The force of the impact ravaged his office – sagged the ceiling, emptied his desk, flung files and computers to the floor – and coated everything with stinking jet-fuel grime.
The coin was lost, or so Ed thought. But as he knelt, sifting through the debris, he found it. “I ordered 500 of those things immediately,” he said.
I studied the silver dollar-sized coin, weighed its heaviness in my hand, ran my thumb over the smooth enamel of the flag.
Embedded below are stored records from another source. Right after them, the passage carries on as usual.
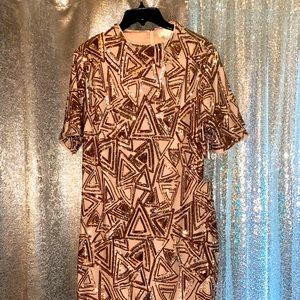 Sparkle in this cute little number. Great for a celebration/date night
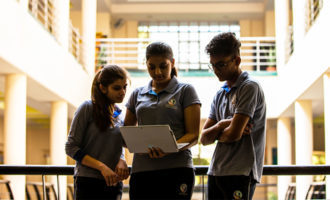 A group of students reviews notes on a laptop together while standing in hallway of private school in India.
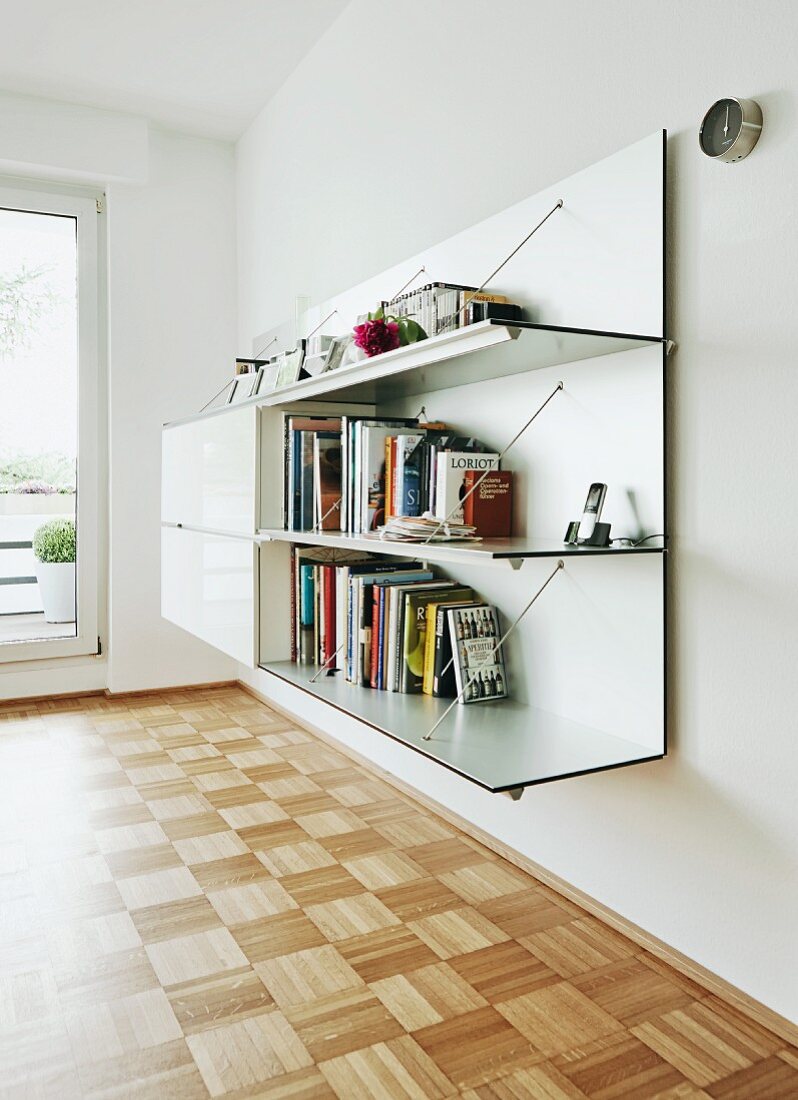 Wall-mounted unit with combination of open shelves and cabinets in modern interior with polished mosaic parquet floor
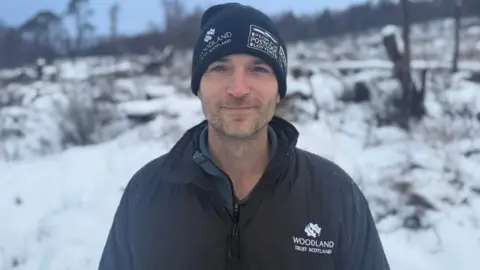 Liam Wright is a smiling, dark-haired man in a blue Woodland Trust Scotland hat and jacket.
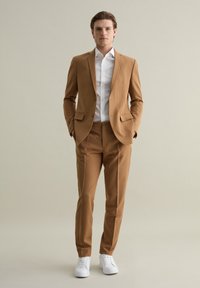 Traje color arena con corte ajustado, chaqueta de un solo botón, pantalones a juego y camisa blanca con cuello. Combinado con zapatillas blancas.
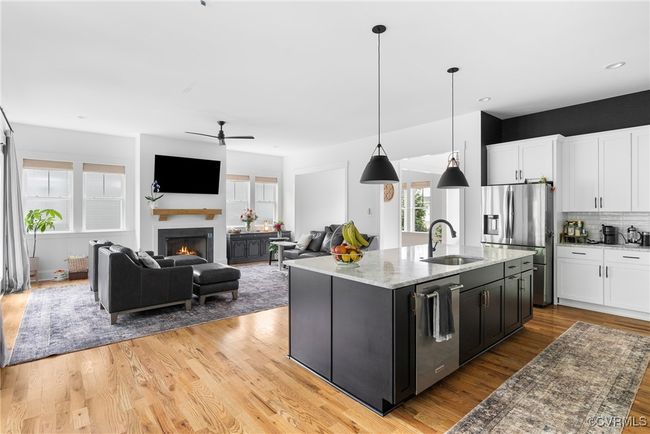 Kitchen featuring a sink, appliances with stainless steel finishes, white cabinets, light wood finished floors, and ceiling fan | Image 13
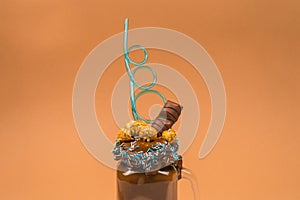 Chocolate milkshake with whipped cream, cookies, waffles, served in glass mason jar.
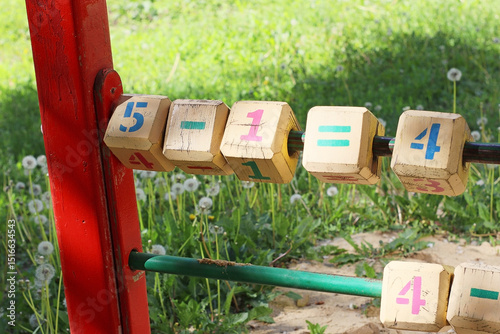Closeup of wooden educational blocks with numbers and math symbols on a playground. Outdoor learning toy for children. Sunny day with grass and dandelions in the background.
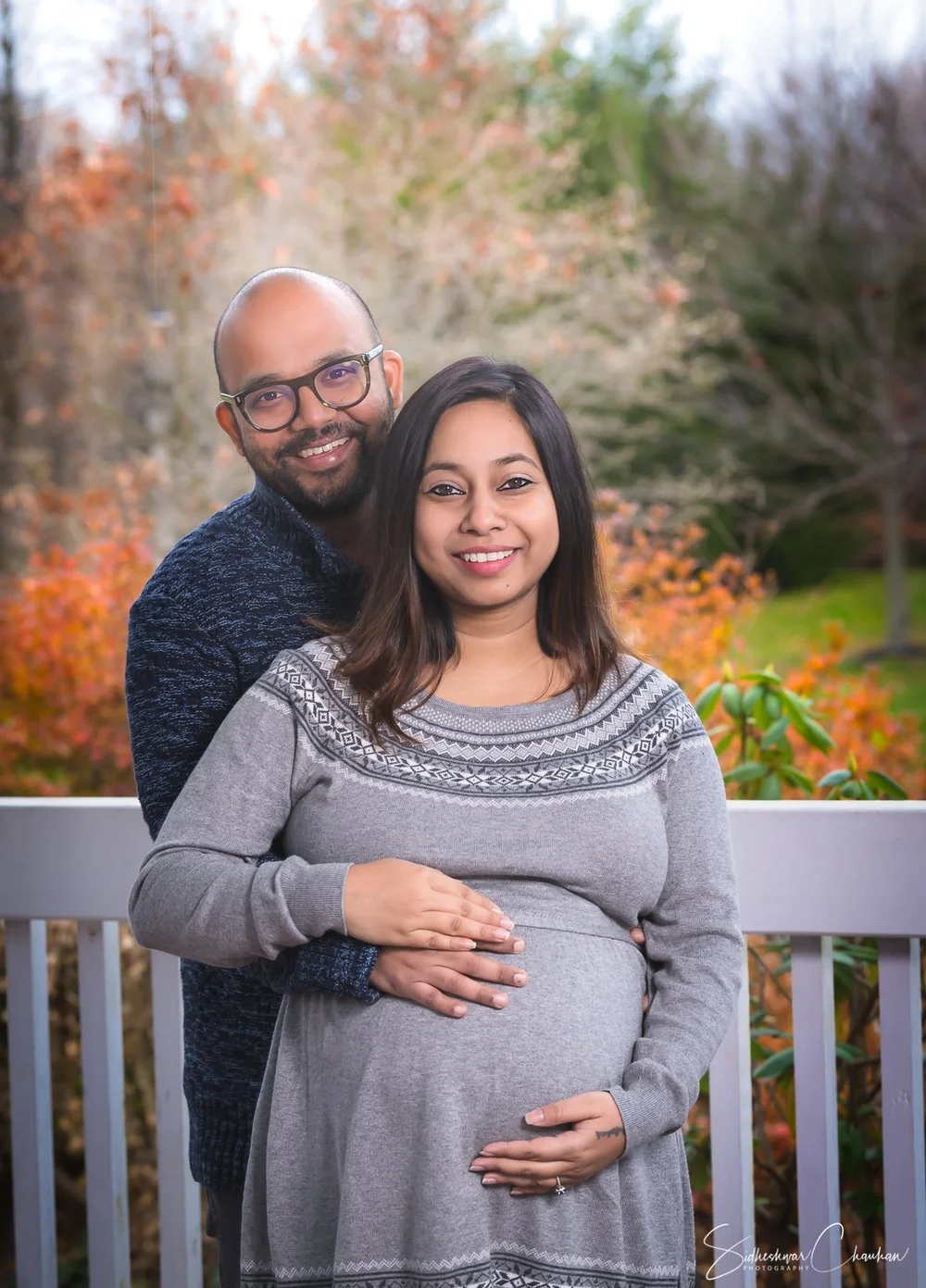 A couple, a man with glasses and a woman with long dark hair, stands outside on a porch railing, with the woman visibly pregnant. They are smiling and facing the camera, with colorful autumn trees in the background.
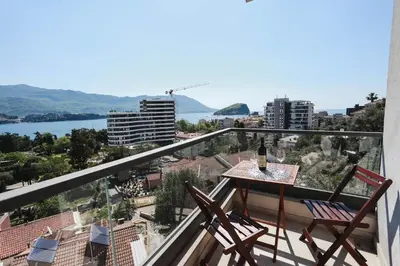 a balcony with two chairs and a table with a view at Hotel Arka in Budva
Ed had labored over this emblem even as the terrorists finalized their plans, had turned the sample over in his hands, a hint of satisfaction in the expression around his eyes, even as the terrorists prepared to buy their plane tickets.
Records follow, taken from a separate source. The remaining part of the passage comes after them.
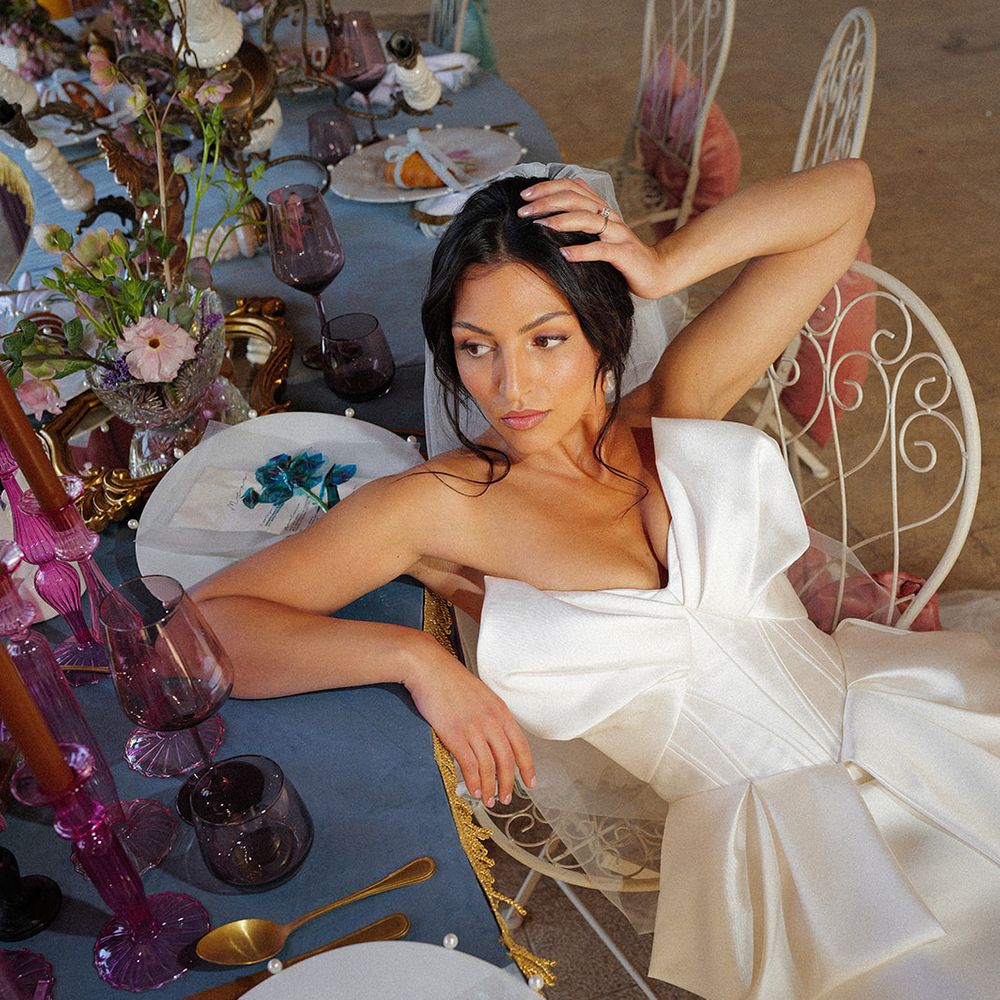 modern bride bow detail dress colourful tablescape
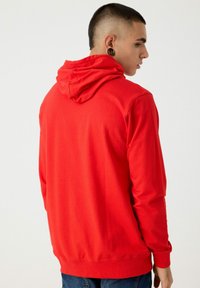 Sudadera roja de tejido suave, con capucha, mangas largas y puños acanalados. La vista trasera muestra una textura lisa sin patrones.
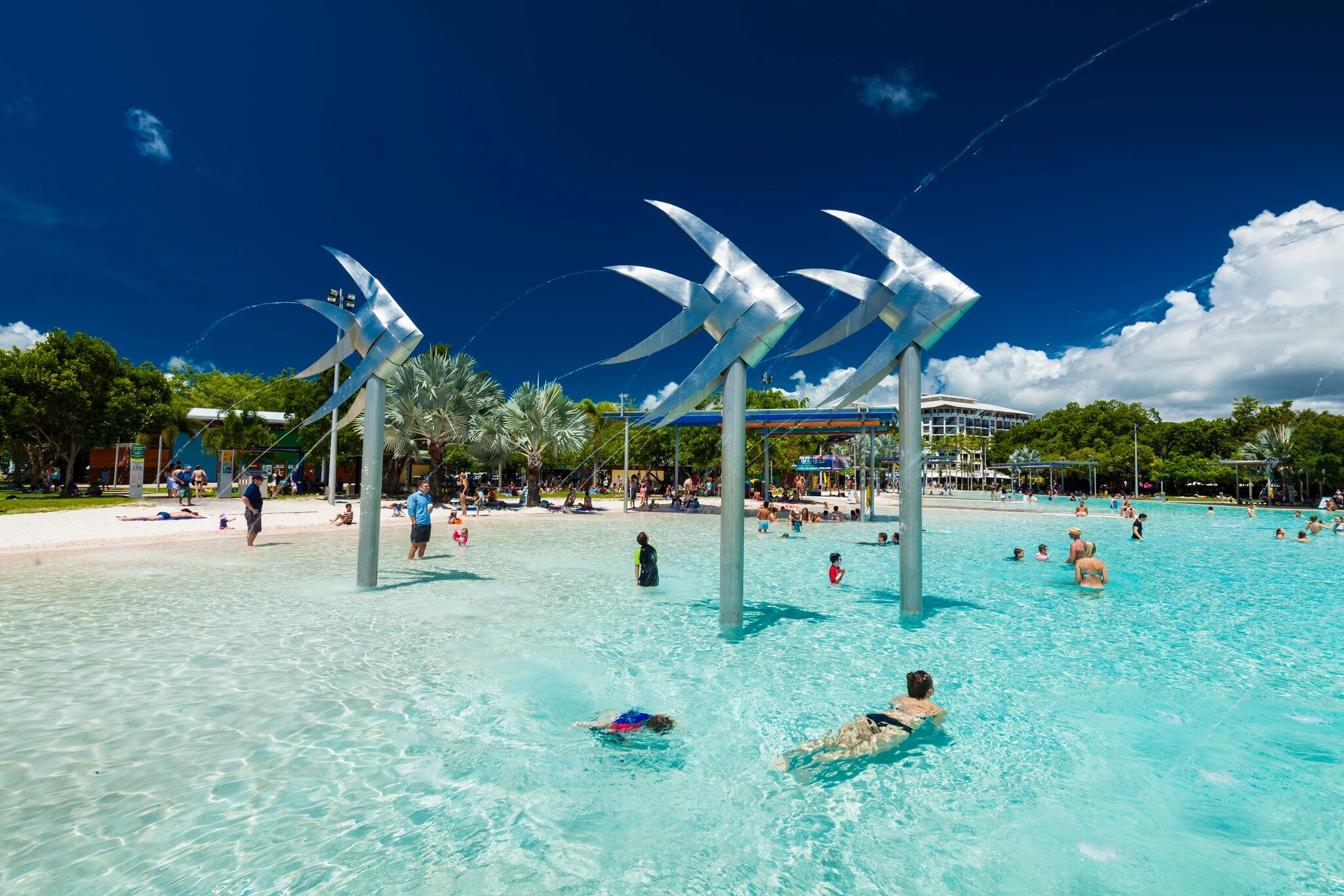 Tropical swimming lagoon on the Esplanade in Cairns with artificial beach, Queensland, Australia.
When he headed off for Maine, he thought everything would be just as he left it when he returned.
The pride Ed takes in his unit’s coin is not untested bravado but tempered confidence. Maybe he remembers uncovering the sample coin on the floor of his damaged office, how, when he wiped it off, grime still clung to the eagle’s talons.
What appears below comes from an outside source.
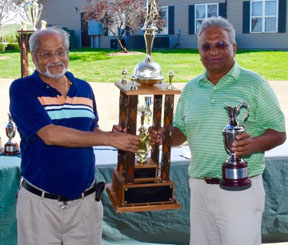 Andy Patel giving trophy to senior champion Sharad Shah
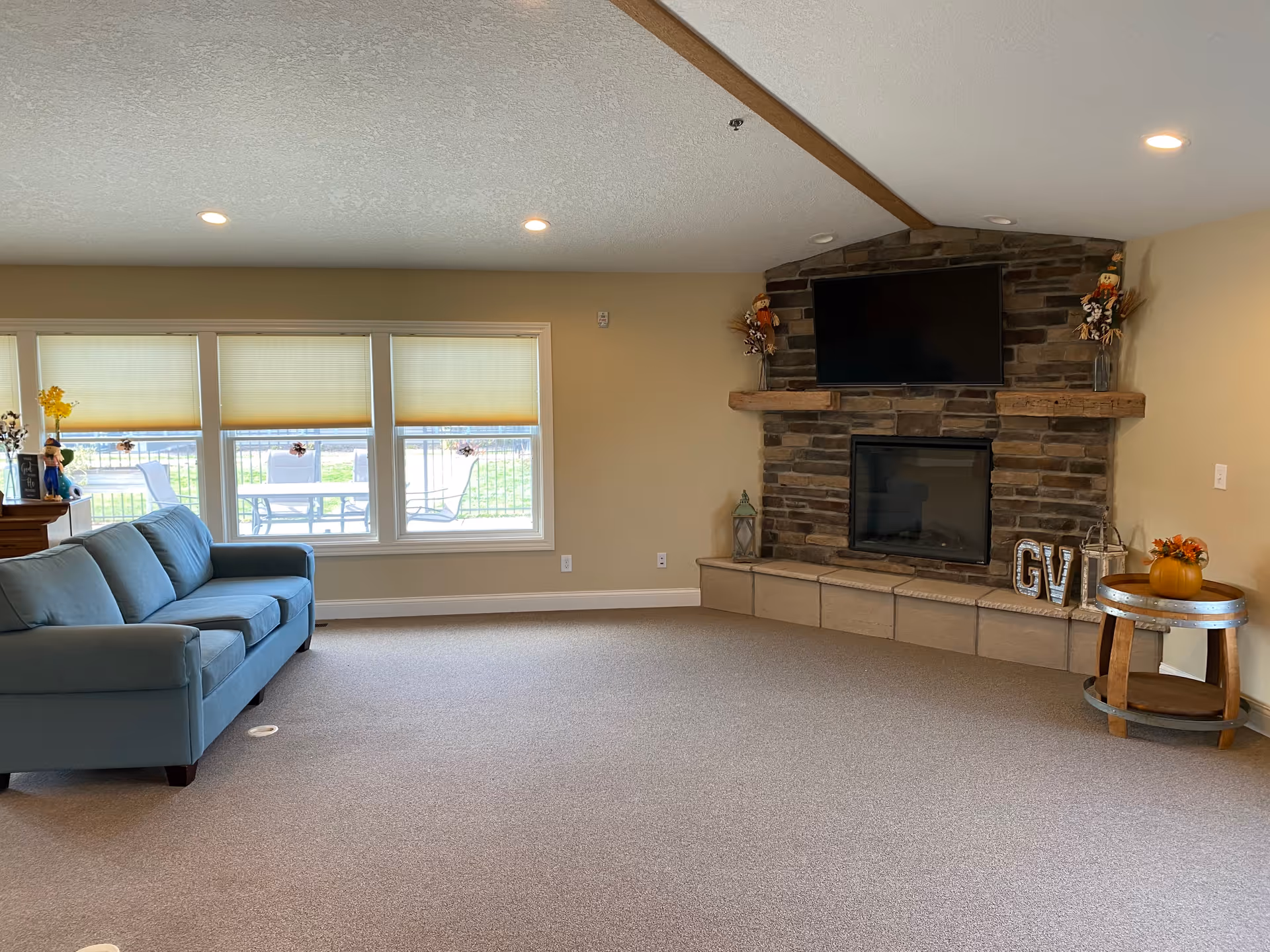 A spacious living room with a light blue sofa on the left, large windows with beige blinds behind it, and a stone fireplace with a mounted flat-screen TV above it on the right. The fireplace mantel is decorated with small scarecrow figures and other fall-themed decor. A round wooden side table with a small pumpkin and flower arrangement is placed near the fireplace. The room has beige walls and carpeted flooring.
But the coin proved indestructible. It lay — scarred perhaps, but still whole — waiting to be redeemed from the rubble.
Ed keeps that first coin in a safe place. Perhaps it has become less a symbol of his unit and more a badge of stubborn survival and of the unshakable human conviction that personal liberty is a God-given right.
The enemies of that cherished ideal challenged us to a coin check on a September morning in 2001. We Americans dug deep into our collective pocket, drew out our coin, and placed it deliberately on the table. They’re buying the drinks now for the insult.